Data entries:
Start of Block

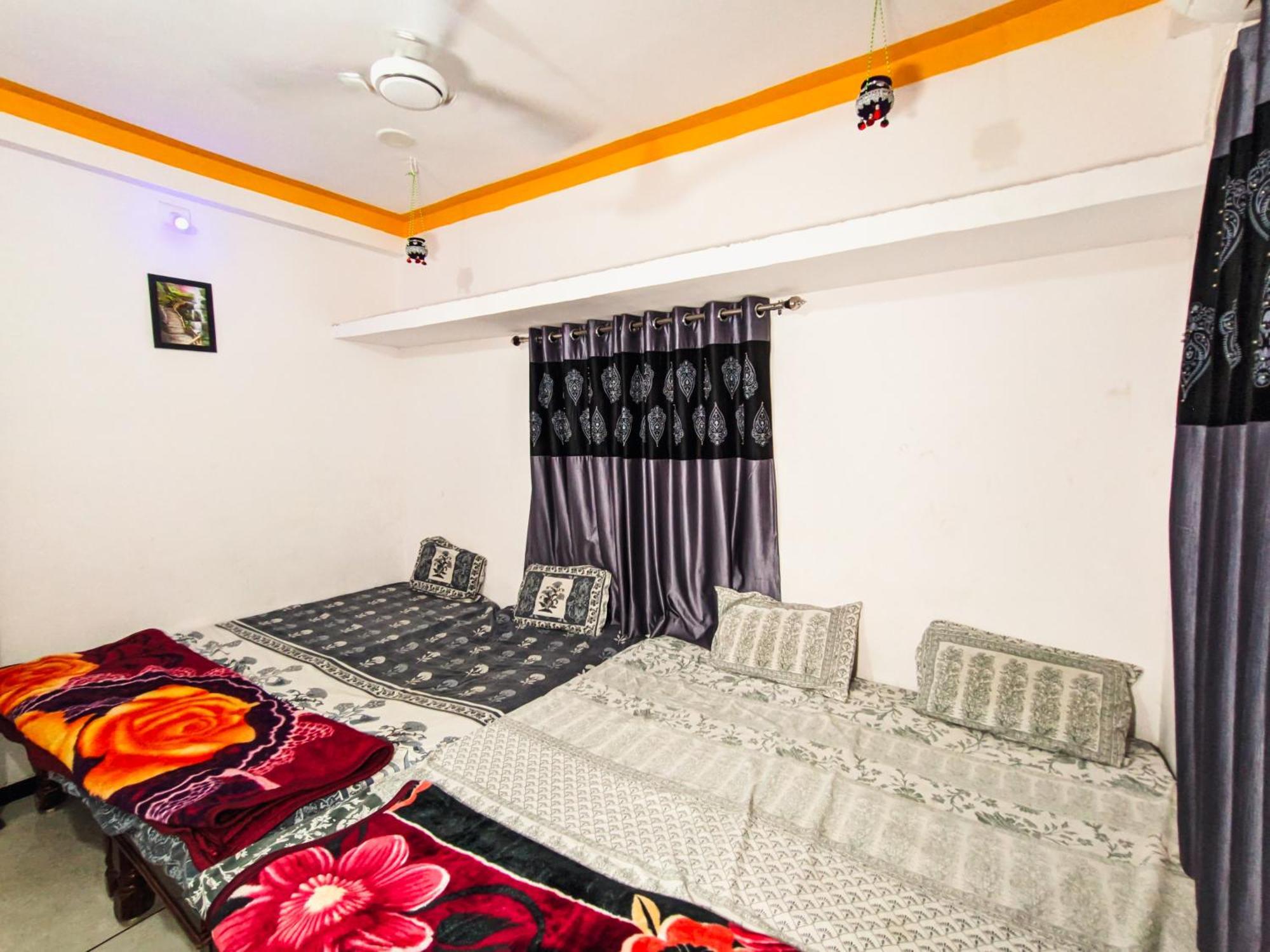 Bhavya Homestay Garudeshwar Екстериор снимка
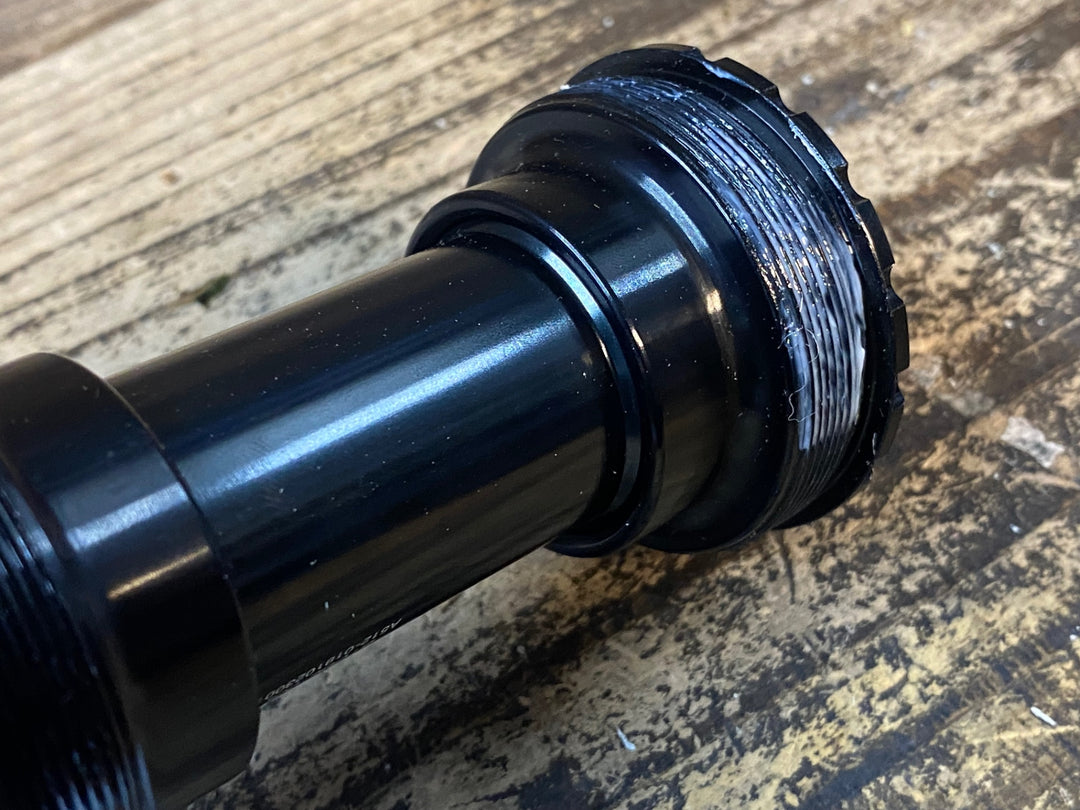 JV063 ウィッシュボーン WISHBONE BTUBE-002 T47855-25C ボトムブラケット ウルトラトルク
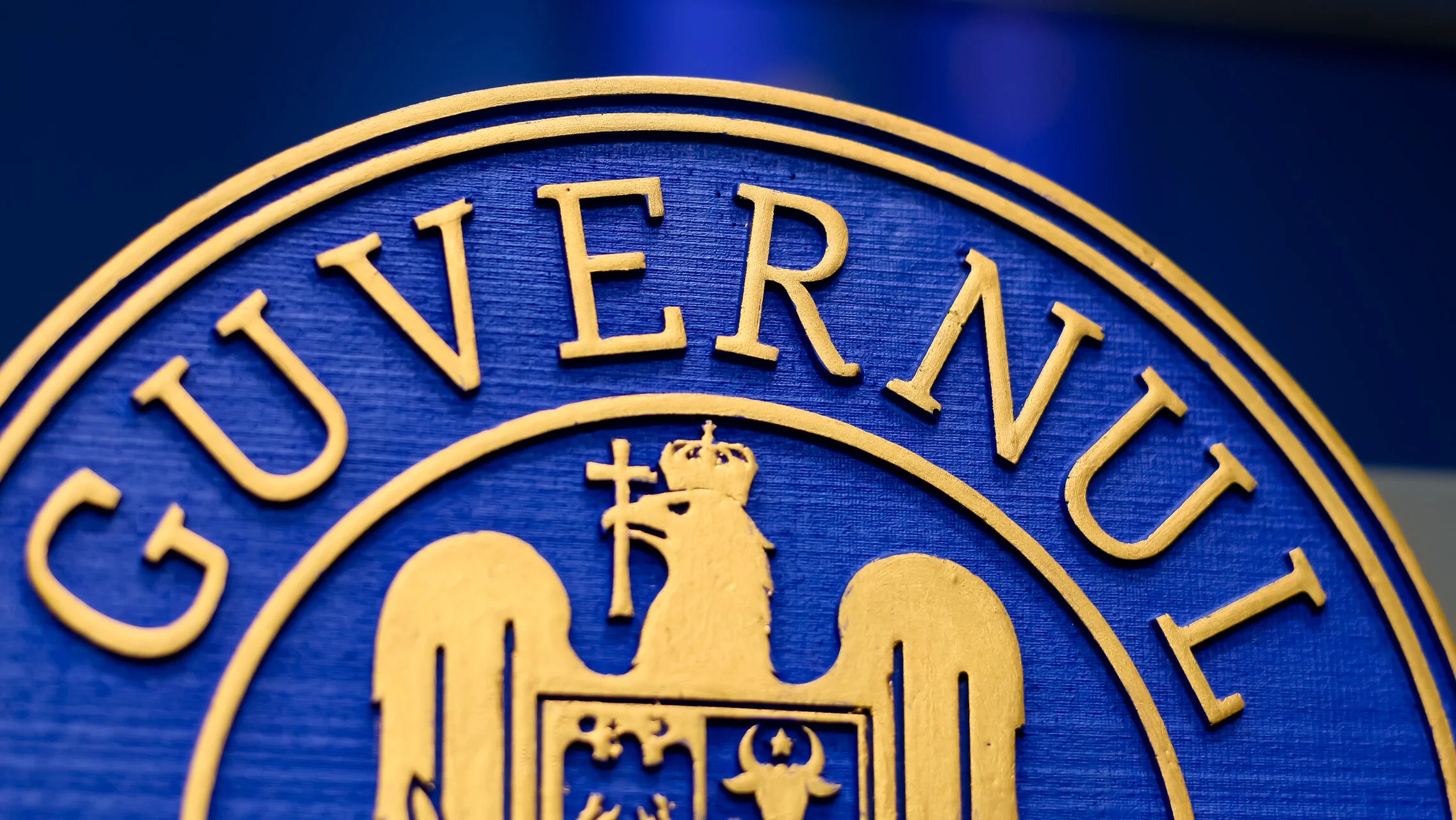 Guvernul României verifică în aceste zile stadiul implementării reformelor și a investițiilor asumate în cadrul Planului Național de Redresare și Reziliență (PNRR), într-un efort de a accelera procesul de absorție a fondurilor europene și de a asigura atingerea țintelor stabilite cu Comisia Europeană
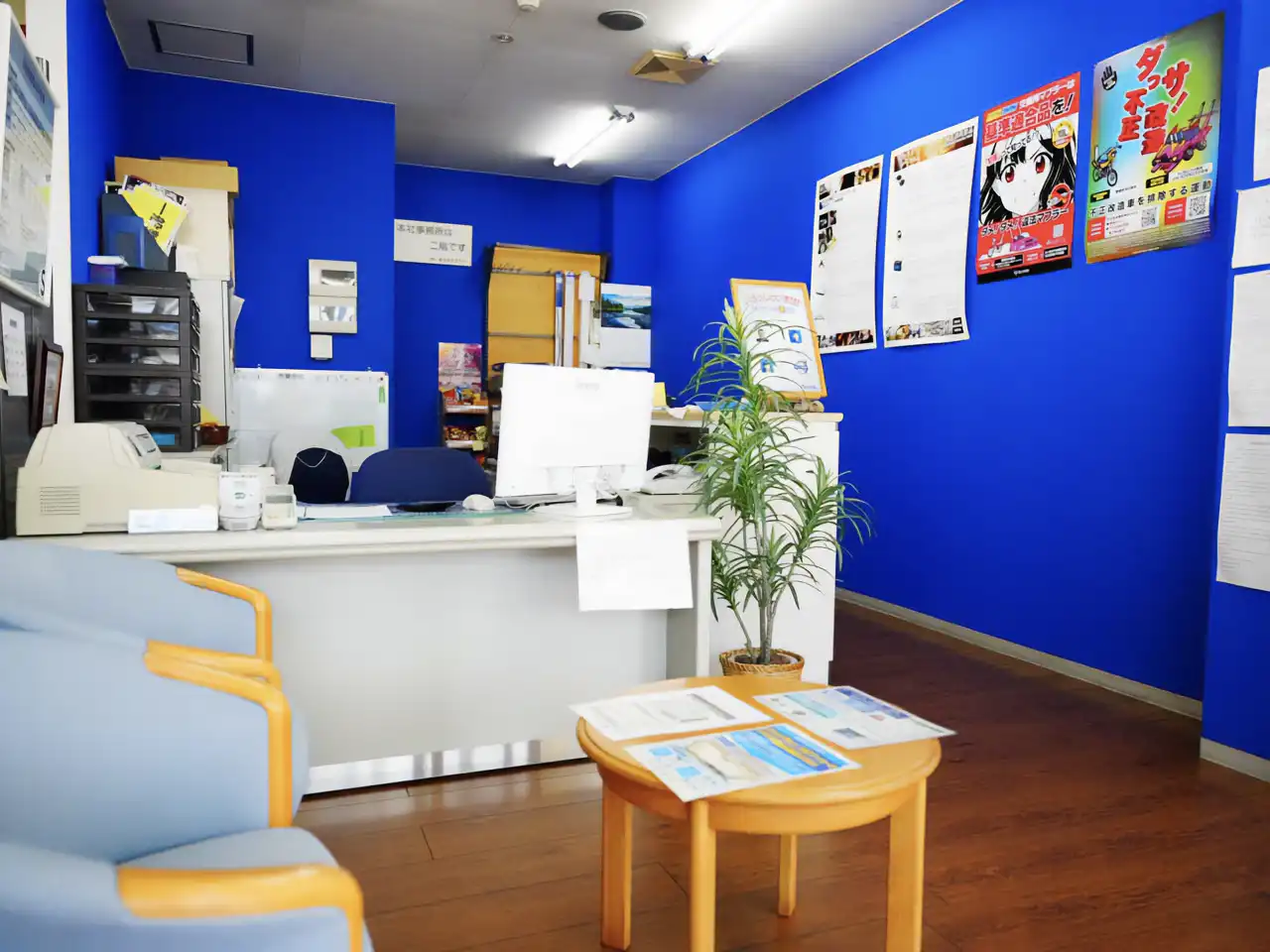 ㈱東北安全ガラス ボルボ事業部の店舗内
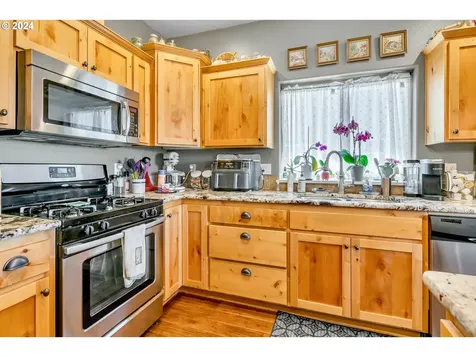 1130 S 40th Court Springfield OR 97478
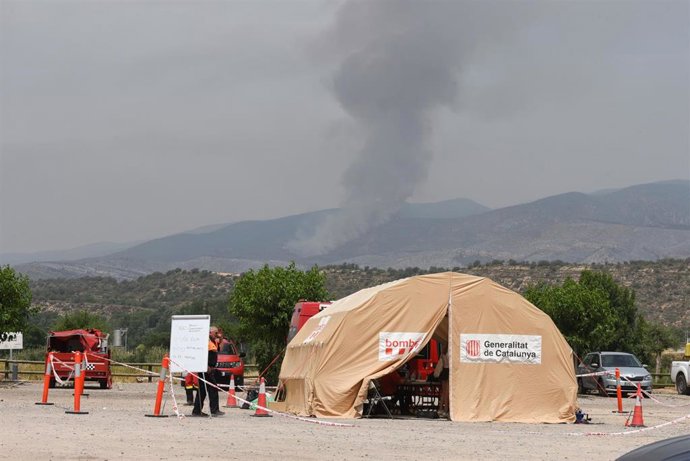 Dispositivo de los Bombers de la Generalitat en las inmediaciones de una zona donde se ha declarado un incendio, a 16 de junio de 2022, en Artesa de Segre, Lleida, Catalunya (España). El incendio afecta ya a un perímetro de 1.000 hectáreas y, según las 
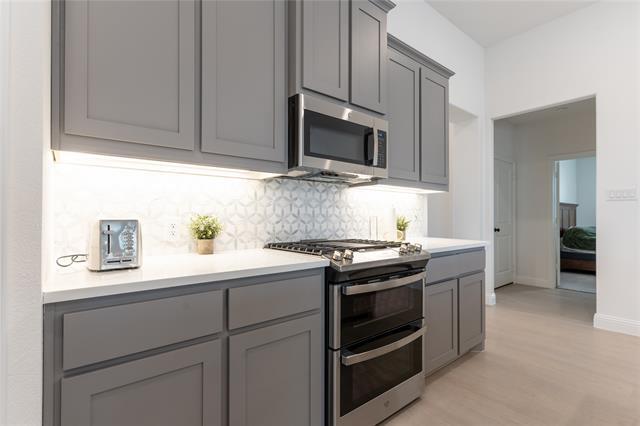 Foto del edificio - 5200 Woodway Dr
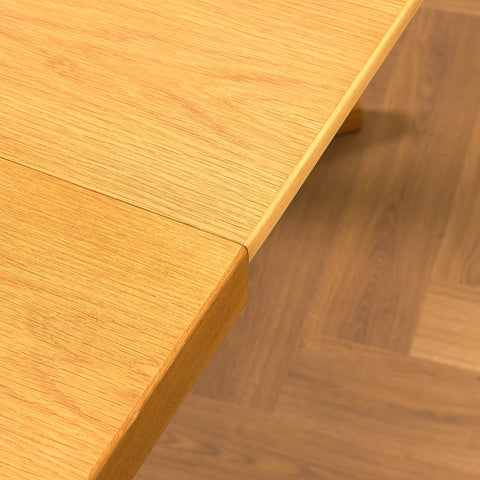 Danish round dining table in oak by V.S Andersen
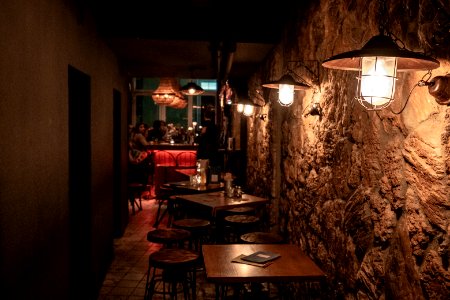 Blick vom Toilettegang zum neuen Bar-Bereich im Bären in Tübingen 2019
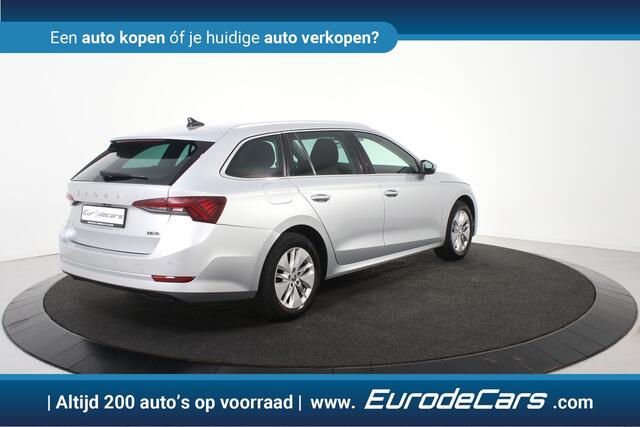 Skoda OCTAVIA Combi 1.0 e-TSI Ambition DSG *1ste eigenaar*Navigatie*Stoelverwarming*Trekhaak*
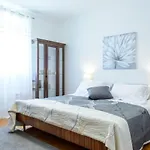 Antonella Apartman *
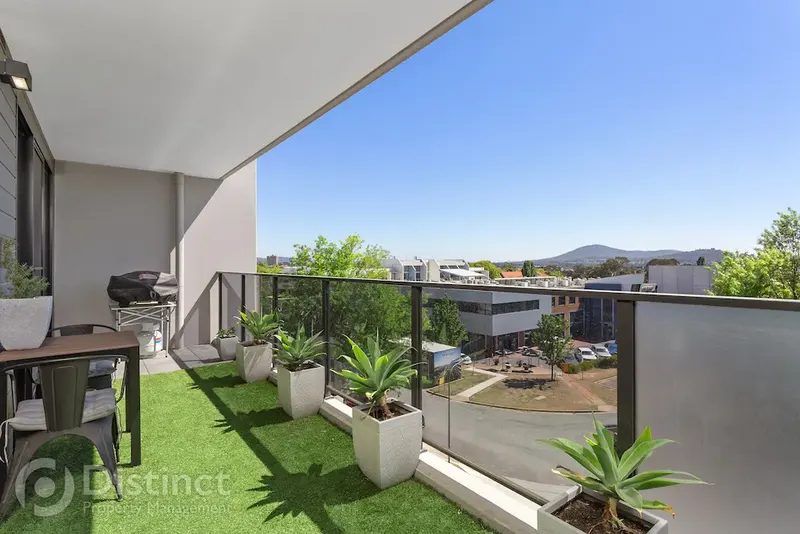 35/111 Canberra Avenue, Griffith, photo 2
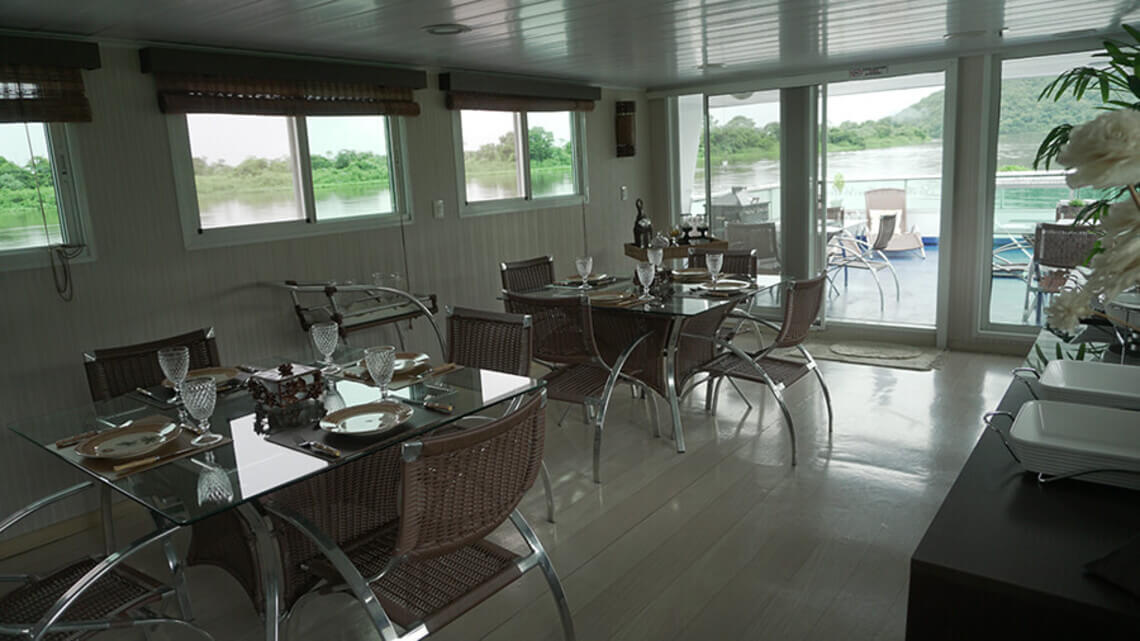 Iate Maria P. Honda dockyard 21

End of Block

When a record holds a picture, leave that picture out; copy the rest verbatim.

 Bhavya Homestay Garudeshwar Екстериор снимка
 JV063 ウィッシュボーン WISHBONE BTUBE-002 T47855-25C ボトムブラケット ウルトラトルク
 Guvernul României verifică în aceste zile stadiul implementării reformelor și a investițiilor asumate în cadrul Planului Național de Redresare și Reziliență (PNRR), într-un efort de a accelera procesul de absorție a fondurilor europene și de a asigura atingerea țintelor stabilite cu Comisia Europeană
 ㈱東北安全ガラス ボルボ事業部の店舗内
 1130 S 40th Court Springfield OR 97478
 Dispositivo de los Bombers de la Generalitat en las inmediaciones de una zona donde se ha declarado un incendio, a 16 de junio de 2022, en Artesa de Segre, Lleida, Catalunya (España). El incendio afecta ya a un perímetro de 1.000 hectáreas y, según las 
 Foto del edificio - 5200 Woodway Dr
 Danish round dining table in oak by V.S Andersen
 Blick vom Toilettegang zum neuen Bar-Bereich im Bären in Tübingen 2019
 Skoda OCTAVIA Combi 1.0 e-TSI Ambition DSG *1ste eigenaar*Navigatie*Stoelverwarming*Trekhaak*
 Antonella Apartman *
 35/111 Canberra Avenue, Griffith, photo 2
 Iate Maria P. Honda dockyard 21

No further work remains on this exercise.